COLABORADORES LITERÁRIOS

COLABORADORES LITERÁRIOS
COLABORADORES LITERÁRIOS: Paula Freire, Amaro Mendonça, António Carlos Santos, António Torrão, Fernando Calado, Conceição Marques, Humberto Silva, Silvino Potêncio, António Orlando dos Santos, José Mário Leite. Maria dos Reis Gomes, Manuel Eduardo Pires, António Pires, Luís Abel Carvalho, Carlos Pires, Ernesto Rodrigues, César Urbino Rodrigues e João Cameira.
N.B. As opiniões expressas nos artigos de opinião dos Colaboradores do Blogue, apenas vinculam os respetivos autores.

terça-feira, 5 de fevereiro de 2019

Nós Transmontanos, Sefarditas e Marranos - ANTÓNIO PEREIRA (TORRE DE MONCORVO, 1605 – COIMBRA, 1652)

Tosquia de Ovelhas em Moncorvo
Nasceu em Torre de Moncorvo, pelo ano de 1605, no seio de uma família de mercadores e rendeiros. O pai, Domingos Pereira, era de Chacim e a mãe, Maria Álvares, de Torre de Moncorvo. Esta tinha vários irmãos e outros parentes a morar em Castela. E em Castela também, encomendado na igreja de S. Martinho de Tormes, vivia um tio paterno do nosso biografado, o padre Cristóvão Pereira, facto que não deve estranhar-se, antes era frequente em famílias cristãs-novas de algum prestígio.

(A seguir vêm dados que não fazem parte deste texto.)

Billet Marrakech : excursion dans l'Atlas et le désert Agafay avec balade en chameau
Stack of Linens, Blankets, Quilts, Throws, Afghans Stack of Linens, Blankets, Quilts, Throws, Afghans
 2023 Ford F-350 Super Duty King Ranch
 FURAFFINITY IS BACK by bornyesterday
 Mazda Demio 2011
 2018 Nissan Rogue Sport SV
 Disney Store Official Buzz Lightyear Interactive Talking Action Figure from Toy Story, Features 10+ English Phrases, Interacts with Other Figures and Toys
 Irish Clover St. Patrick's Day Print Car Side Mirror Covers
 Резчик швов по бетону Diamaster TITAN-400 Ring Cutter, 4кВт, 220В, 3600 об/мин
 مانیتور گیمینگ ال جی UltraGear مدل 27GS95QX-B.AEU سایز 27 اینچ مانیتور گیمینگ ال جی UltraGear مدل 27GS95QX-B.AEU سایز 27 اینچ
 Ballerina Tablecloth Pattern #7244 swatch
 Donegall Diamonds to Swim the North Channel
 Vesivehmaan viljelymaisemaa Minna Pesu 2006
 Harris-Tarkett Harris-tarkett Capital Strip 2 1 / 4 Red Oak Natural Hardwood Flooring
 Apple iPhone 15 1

Porque os dois reinos ibéricos se encontravam unidos sob o trono dos Filipes e as comunicações eram fáceis, António Pereira contava pouco mais de 15 anos e já se adiantava por terras de Castela a mercadejar, conforme testemunho de Francisco Fernandes, de Miranda do Douro, em 1642:

— Disse que haverá 21 anos, indo com António Pereira (…) de Medina del Campo para Salamanca…(1)

A restauração da independência em 1640 e a guerra que seguiu vieram cortar muitas das rotas comerciais de Trás-os-Montes com Castela. António Pereira, no entanto, era já um homem de cabedal, o que lhe permitia apresentar-se a concursos para arrematação de cobrança de rendas. Assim o encontramos como rendeiro dos “Votos de Braga” em terras de Monforte de Rio Livre nos anos de 1640 a 1646 que arrematou na mesa capitular da sé de Braga por 85 mil réis / ano.(2) E também como rendeiro da comenda de Santa Maria, de Bornes, da Ordem de Cristo, arrematada por 380 mil réis /ano e das rendas que a condessa de Faro tinha em Morais, atual termo de Macedo de Cavaleiros.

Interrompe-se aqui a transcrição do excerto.